The Torah gives her one line: she put the skins of the goat kids on his hands and on the smooth part of his neck. A single verse for the entire disguise. The Midrash hands her a needle.
Arms Like Pillars of Marble
Rabbi Yochanan, sitting at his table in Tiberias, stops on that verse and refuses to move past it. He pushes back against the simple reading. Were the arms of our patriarch Jacob not like two pillars of marble? That is his question, and it already tells you what picture he carries in his mind. Not the slim shepherd of popular imagination. The patriarchs, in this tradition, were men built like doorframes, forearms that could carry a calf, hands that could bring a whole well-cover rolling. A goat-kid hide would cover a wrist, not an arm like that. Not without work.
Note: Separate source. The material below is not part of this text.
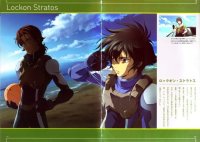 BUY NEW mobile suit gundam 00 - 177973 Premium Anime Print Poster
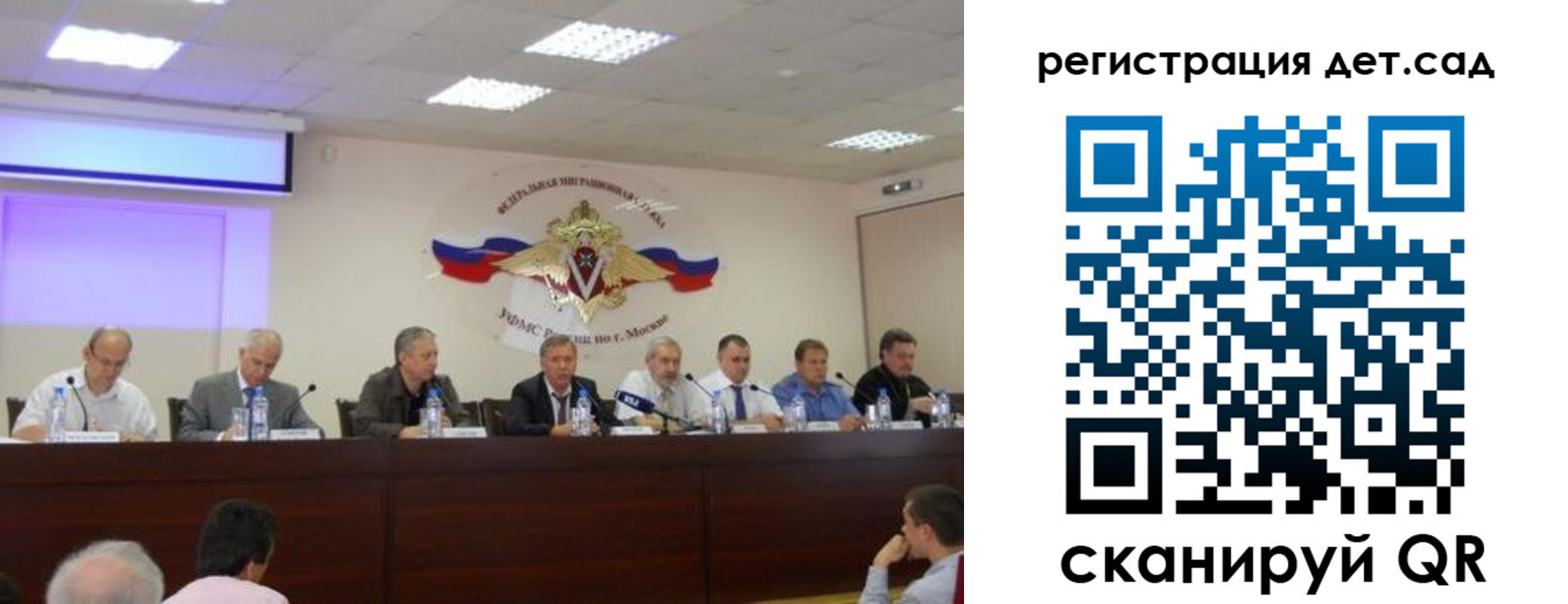 прописка паспорт в Онеге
So Yochanan's answer arrives quietly and changes the scene. Rebecca sewed them. She stitched the hides together, piece joined to piece, in the half-dark of the tent, while Isaac lay blind on the other side of the partition. She was making a second skin. She was also writing a new name on her son's body, pressing the letters of the deceiver into the places where the texture of a hunter would be felt by a dying man's fingers.
What the Stitching Cost Her
The question the Midrash does not ask aloud is the one that sits beneath every needle-pull. Rebecca knows what she is asking Jacob to risk. She has already told him: your curse be on me. She absorbs the moral hazard of the trick. But the sewing is something else. It is physical. It is slow. Every stitch is a decision renewed, a moment when she could stop and call her husband and tell him the truth. She does not stop.
The rabbis read her silence as action, not absence. The Torah already gave her the prophecy at the twins' birth: the elder will serve the younger. She has been carrying that word for decades. Now her hands are giving it a shape. The blessing has to land on the right son, and if the only instrument she has is a bone needle and a pile of hides, then that is what prophecy looks like this afternoon.
The Name That Travels on Wool
There is another thread in this passage, spooled around a second midrash. The same compilation connects Rebecca's act to a tradition about the creation of Ezra, a figure who stands in the generation of return as a second Moses. The link is subtle and the rabbis do not explain it plainly, but the structure suggests this: the word that starts with Jacob's disguise does not end there. What Rebecca stitches in the tent in Canaan, what Jacob carries on his arms into his father's room, becomes the start of a chain of transmission that runs all the way to the scroll Ezra carries back from Babylon. The fake skin becomes the real inheritance. The costume becomes the covenant.
Jacob goes in. Isaac's hands move across the hides. The voice is Jacob's, the hands are Esau's. What the blind man feels is the work his wife has done in secret. He says: come near, my son, let me feel you. His fingers press into stitched goat skin. He smells the field on Esau's cloak that Rebecca put on Jacob's shoulders. Everything is wrong in the obvious sense and right in the sense Rebecca has been living inside for sixty-three years.
The blessing transfers. Jacob walks out into the world wearing his brother's texture and his mother's labor and a future his father cannot see.